Dead Man’s Curve: The Perils of Towanda’s Route 66

Dead Man’s Curve earned its name the hard way. 

Long before Route 66 was widened and straightened, the highway squeezed through this tight, blind bend outside Towanda, catching countless drivers off guard. Cars approached at speed, met a sudden kink in the pavement, and too often ended up in the ditch—or worse. 

Local officials knew it was a problem, but road engineering moved slowly in those days. Travelers simply had to stay alert, hope for luck, and keep both hands on the wheel.

This was also the golden age of roadside advertising, when companies used the highway itself as their canvas. 

Burma-Shave became the master of the form. Instead of one billboard, the company planted six small red signs in a row, each carrying a short line of a jingle. Drivers would read them in rhythm as they rolled toward the curve:

One line at a time...
Closer to the danger...
Closer to the punchline...

The strategy worked on multiple levels. The signs were funny, memorable, and highly effective at catching attention well before modern distraction was a problem. 

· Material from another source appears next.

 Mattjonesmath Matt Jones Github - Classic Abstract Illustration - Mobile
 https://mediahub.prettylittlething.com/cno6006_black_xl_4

But on this stretch, their placement wasn’t only about selling shaving cream—they also happened to slow traffic as motorists read along. Whether by design or coincidence, Burma-Shave’s humor served as a gentle speed check at one of the road’s most treacherous spots.

Today, the recreated signs and preserved alignment stand as a small but telling reminder of early American road culture. Before guardrails, GPS, and highway standards, stretches like Dead Man’s Curve shaped the Mother Road’s reputation: unpredictable and sometimes dangerous, but always full of character. And those little red signs remain one of the most charming examples of how ingenuity, and a few clever rhymes, once helped keep travelers alive.